The men who recently issued a Home Rule manifesto in Ireland were undoubtedly right. They struck the proper note exactly; but they did it with uncertain hand, for their utterance has already faded into silence, though it met with no serious opposition.

The people of Ireland are to-day without a national policy. The splendid Land League organization goes on grinding, but it is not grinding toward nationality. Its great-hearted work for the present winter is to protect the evicted families of farmers who refuse to pay rent because England has outraged even her own laws. But Ireland cannot go on forever fighting with all her forces against a minor evil. If she go on for six months longer, England will open her eyes to her opportunity, and bind Ireland in new hemp by the sale of the country to the farmers.

The late Irish-American Convention in Chicago might well have started the national proposition. Had that meeting spoken for an Irish Government in Ireland, with the Union repealed, and a federal union substituted, Ireland would have answered like one man. That meeting did not so speak because a few men antagonized the Home Rule idea, and declare that they will have nothing less than utter separation from England, with a republican and socialistic government for Ireland.

To obtain these two objects, Ireland must fight England with arms. She must seize all the. strong places, at present occupied by fifty thousand armed men. She must, in one month, put in the field an army of at least one hundred thousand men, equipped with engineers and artillery; England in the same time wllI land on her shores at least that number of soldiers. She must establish a fleet, to keep herself from suffocation, if not starvation. And she must fight out a desperate conflict for existence, without a hope of borrowing fifty dollars in foreign markets on her national promissory note.

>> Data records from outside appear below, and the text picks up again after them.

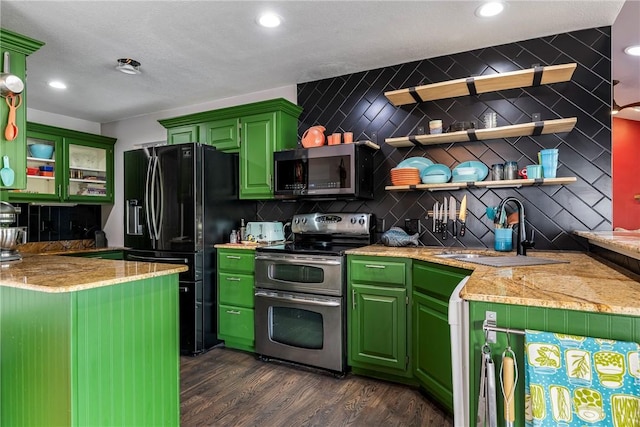 kitchen featuring decorative backsplash, a sink, dark wood finished floors, appliances with stainless steel finishes, and green cabinets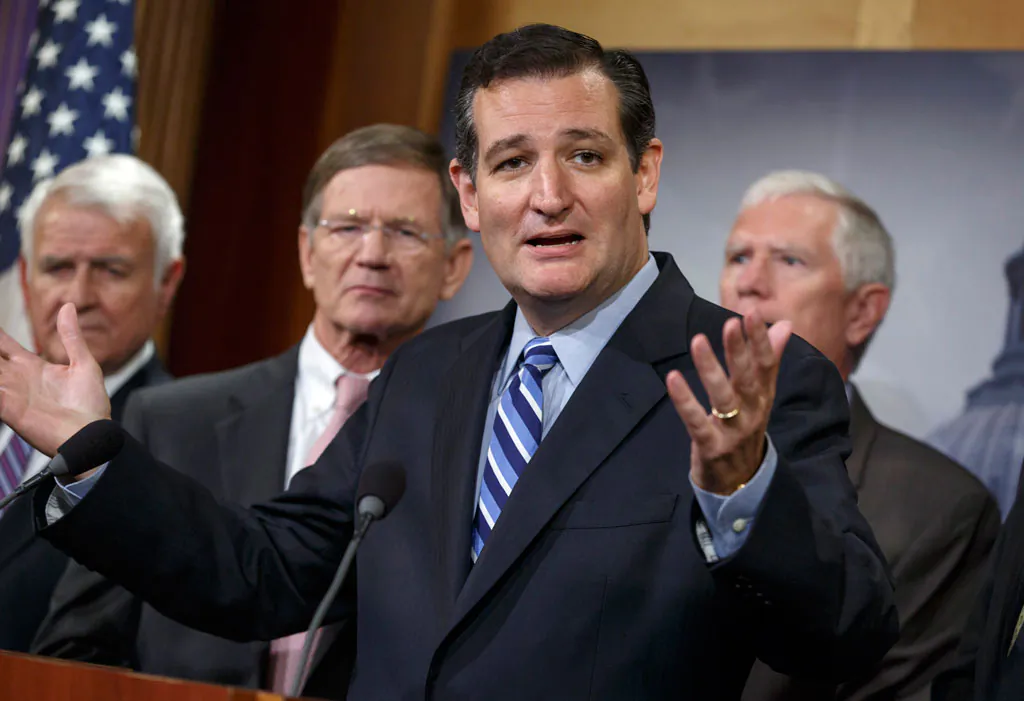 Sen. Ted Cruz (R-Texas) criticizes President Barack Obama, saying he has not taking a stand on the immigration crisis on the US-Mexico border and is putting off executive action until after the politically-charged midterm election in November, on Sept. 9, 2014. (AP Photo/J. Scott Applewhite)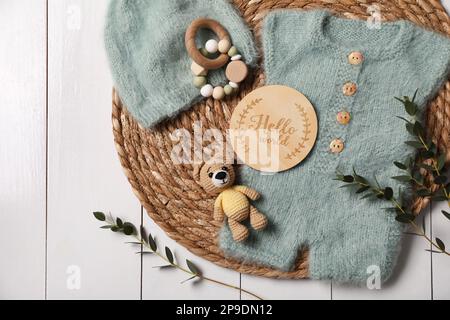 Children's clothes, toys and green plant on white wooden table, top view Stock Photo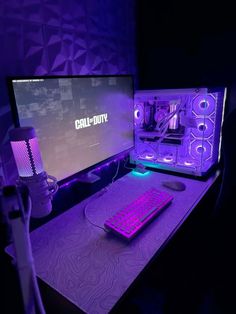 two computer monitors sitting on top of a desk next to a purple keyboard and mouse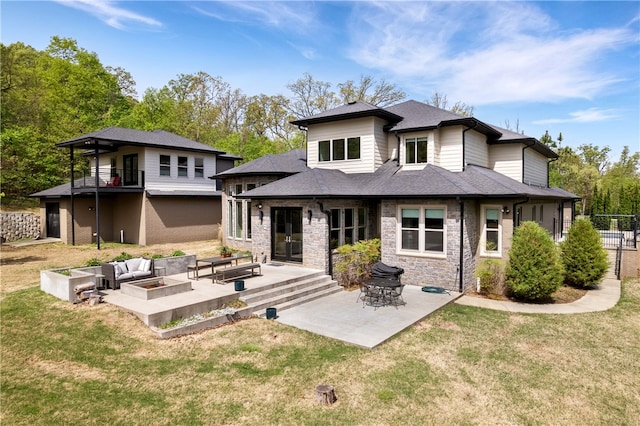 rear view of house with a patio area, an outdoor living space, and a lawn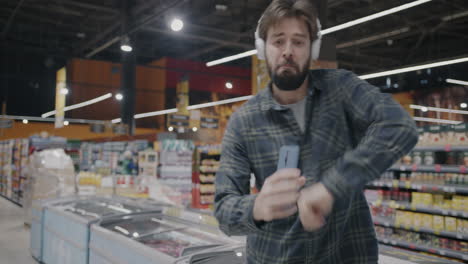man dancing in a grocery store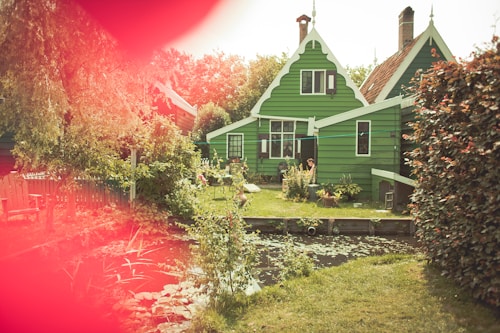A charming green wooden house with white trim sits amidst a lush garden. The scene includes various plants and a small pond bordered by stones. The architecture features a pointed roof with decorative elements. Sunlight filters through, casting warm tones. A person is visible near the entrance, adding a sense of human presence. The foreground showcases a bright red lens flare, adding a unique hue to the image.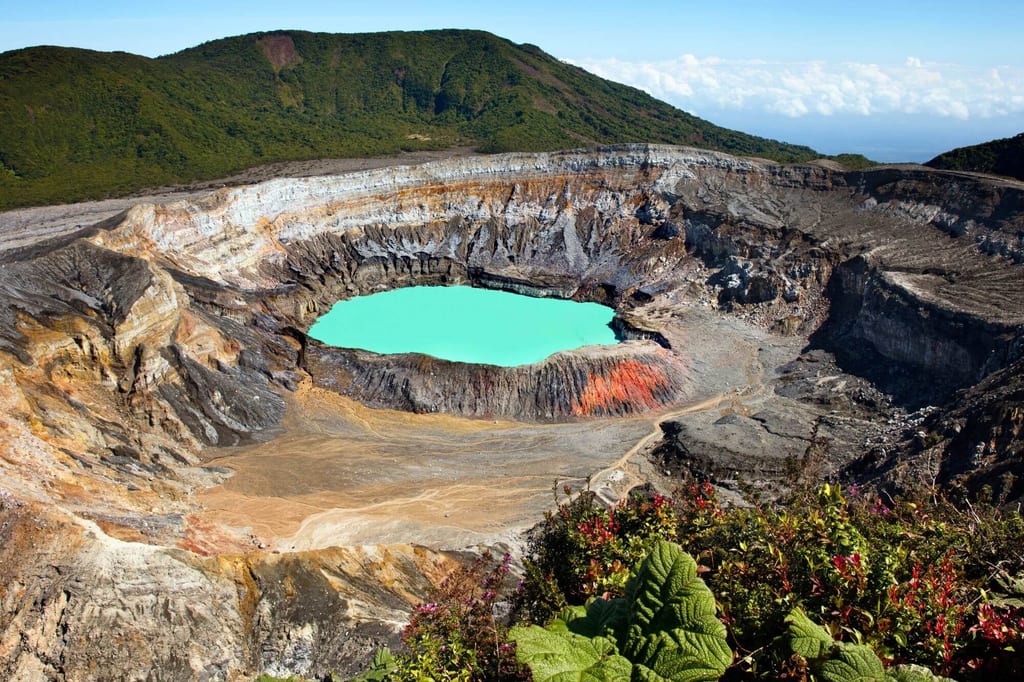 Vulkankrater mit türkisfarbenem Kratersee und Vegetation im Vordergrund bei hellem Tageslicht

What sensible Irishman favors this policy? What earnest revolutionist is prepared to wait until all this can be done before Ireland obtains a Parliament of her own?

The sooner Ireland in America speaks on this point the better. Many earnest Irishmen, among the leaders in Ireland, firmly believe that Irish -Americans are all blood-and-thunder radicals. One of the ablest of the leaders now in prison, recently wrote the writer that the belief is widespread in Ireland that the Irish-Americans will have nothing less than absolute "no rent" and ultimate revolution.

Such a belief is utterly wrong. Even the revolutionary party in America condemn as absurd the "No Rent" proposition. This party, too, sees that Irish Home Rule in no way conflicts with their own more consummate settlement.